In rejecting the ex opere operato, the Reformers were careful not to separate baptism from salvation, for the New Testament directly links baptism with a salvation event. This ruling out of ex opere operato is clearly seen in the Apostle Paul where, in 1 Corinthians 10:1ff., he corresponds baptism with the Exodus event, and in Titus 3:5f., where he wrote that God ‘saved us … by the washing of regeneration and renewal in the Holy Spirit, which he poured out upon us richly through Jesus Christ our Savior’. Likewise the Apostle Peter, identifying baptism with Noah and the flood narrative, wrote that ‘Baptism, which corresponds to this, now saves you, not as a removal of dirt from the body but as an appeal to God for a clear conscience, through the resurrection of Jesus Christ’ (1 Peter 3:21).

It may indeed be true, as Berkouwer notes, that baptism is ‘a cause of grace, but the objective character of baptism as saving grace is bound to the redemptive event of Christ’s life, death and resurrection. The original ‘regenerative aspect of baptism is the ‘regeneration of the body of Christ in resurrection. It is the humanity of Christ that is regenerated through his baptism (death and resurrection), and our baptism is a sign and seal of our participation and regeneration in his own new life, but always with the eschatological tension between the Word and power of this act. This is why we must speak of the regenerative aspect of baptism as associated with the ‘baptism of the Holy Spirit (1 Cor. 12:12-13), and not with the physical act itself. And it’s also why baptism is an unrepeatable and indelible act.

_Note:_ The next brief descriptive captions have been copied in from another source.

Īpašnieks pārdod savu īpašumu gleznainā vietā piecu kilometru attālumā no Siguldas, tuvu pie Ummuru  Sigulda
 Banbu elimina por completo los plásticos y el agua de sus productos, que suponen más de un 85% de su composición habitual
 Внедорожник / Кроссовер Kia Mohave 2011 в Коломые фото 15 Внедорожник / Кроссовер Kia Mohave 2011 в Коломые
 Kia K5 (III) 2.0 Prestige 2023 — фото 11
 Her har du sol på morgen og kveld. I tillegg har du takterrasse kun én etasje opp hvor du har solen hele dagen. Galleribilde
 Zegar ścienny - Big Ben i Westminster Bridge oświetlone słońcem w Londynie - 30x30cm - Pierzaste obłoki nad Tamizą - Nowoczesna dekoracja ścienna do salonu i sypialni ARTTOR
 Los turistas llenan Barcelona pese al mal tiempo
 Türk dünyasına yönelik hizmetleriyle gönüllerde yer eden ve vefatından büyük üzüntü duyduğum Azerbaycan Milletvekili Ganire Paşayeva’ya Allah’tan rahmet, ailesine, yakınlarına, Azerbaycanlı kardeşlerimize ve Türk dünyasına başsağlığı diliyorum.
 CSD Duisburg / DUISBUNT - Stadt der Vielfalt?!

Thus baptism is salvation through faith as a divine act of grace. There is no disjunction between the objective aspect of baptism as a divine work and the human appropriation of baptism as a subjective act through faith and water on the part of the human subject. Faith is not a condition which effectually causes baptism to regenerate, but regeneration through the Holy Spirit effectually binds the human subject through faith to the salvation of Christ. It is in this sense that baptism is an ‘evangelical sacrament, for here, the evangel is declared every time this ‘proclamation activity is performed. It is for this reason that Torrance can conclude:

Quite clearly the word and sacraments belong together. The Gospel as it is proclaimed in and by the sacraments belongs to evangelism as much as the Gospel proclaimed in word. Christ communicates himself to us through both and through both together, providing us in different ways with the appropriate human response which we cannot make ourselves but through which the Gospel becomes established in us … Thus … the sacraments … are not to be regarded merely as ‘confirming ordinances but as ‘converting ordinances, for in and through them the Gospel strikes home to us in such a way as to draw us within the vicarious response to God which Jesus Christ constitutes in his own humanity, the humanity which he took from us and converted back to God the Father in himself.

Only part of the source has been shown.